Kafka on Kubernetes 2026 | Stateless Brokers Guide

May 2, 2026
AutoMQ Team
9 min read

Should you run Apache Kafka on Kubernetes in 2026? Yes, if you want standard scheduling, declarative operations, and a common platform model for infrastructure. But traditional Kafka remains a stateful system. Putting it inside Kubernetes does not make broker-local disks, partition replicas, and data rebalancing behave like a stateless microservice.

That is the tension behind most Kafka Kubernetes projects. Kubernetes is good at replacing pods. Kafka brokers are not ordinary pods; they own partition logs, participate in ISR replication, carry broker identity, and often bind to PersistentVolumes. The result is a platform that looks cloud native from the outside, while still carrying a local-disk storage model inside.

Kafka on Kubernetes pain matrix

Why Traditional Kafka Feels Heavy on Kubernetes

Kafka was designed around a Shared Nothing architecture. Each broker owns local log segments for the partitions assigned to it. Replication happens between brokers, and each replica has to catch up before it can safely participate in the in-sync replica set. This model is mature, battle-tested, and still the foundation of many large Kafka deployments.
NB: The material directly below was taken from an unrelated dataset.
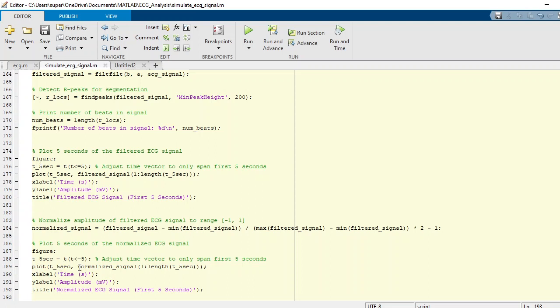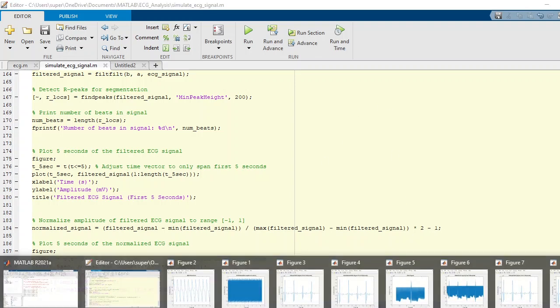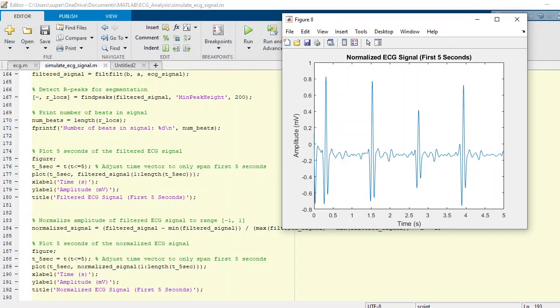That will plot a normalized signal, and you will see a normalized signal like this. Now the data is minus one to one.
The mismatch appears when the unit Kubernetes wants to manage is a pod, while the unit Kafka cares about is a broker with durable partition state. A Deployment can replace a pod and let the application recover through external state. A traditional Kafka broker is the external state. If the broker disappears, the replacement process involves more than starting a container; it has to preserve or rebuild the broker's relationship with its data.

Kubernetes StatefulSet exists for exactly this class of workload. The Kubernetes documentation describes StatefulSet pods as having stable identity, stable network identity, and stable storage. That is useful, but it is also the clue. Kafka on Kubernetes works by asking Kubernetes to respect Kafka's statefulness, not by removing that statefulness.
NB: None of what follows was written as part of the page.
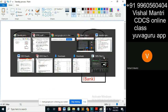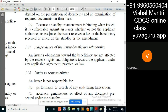The two relationships are totally separate from each other. That's the meaning — towards the applicant under the application, these are not affected by issues of rights and obligations towards the applicant under any applicable agreement, practice, or law.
The problem is not Kubernetes. The problem is asking Kubernetes to manage a storage architecture that was designed around local disks.
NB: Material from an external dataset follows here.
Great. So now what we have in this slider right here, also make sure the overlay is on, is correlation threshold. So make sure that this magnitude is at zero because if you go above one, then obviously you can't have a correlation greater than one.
Kafka Kubernetes Pain Points: Where the Complexity Shows Up

The first pain point is broker identity. In a typical Kafka Kubernetes deployment, broker identity maps naturally to StatefulSet ordinals: kafka-0, kafka-1, kafka-2, and so on. That gives every broker a stable name and a stable storage attachment. It also means the pods are not interchangeable. If kafka-1 is unhealthy, replacing it has a different operational meaning from replacing a web server pod behind a Service.

PersistentVolumes make the next layer visible. Teams have to think about storage classes, volume expansion, zonal disks, reclaim policies, node affinity, backup policy, and what happens when a volume is slow or unhealthy. None of this is Kubernetes being difficult. It is Kubernetes exposing the fact that partition data still lives next to the broker.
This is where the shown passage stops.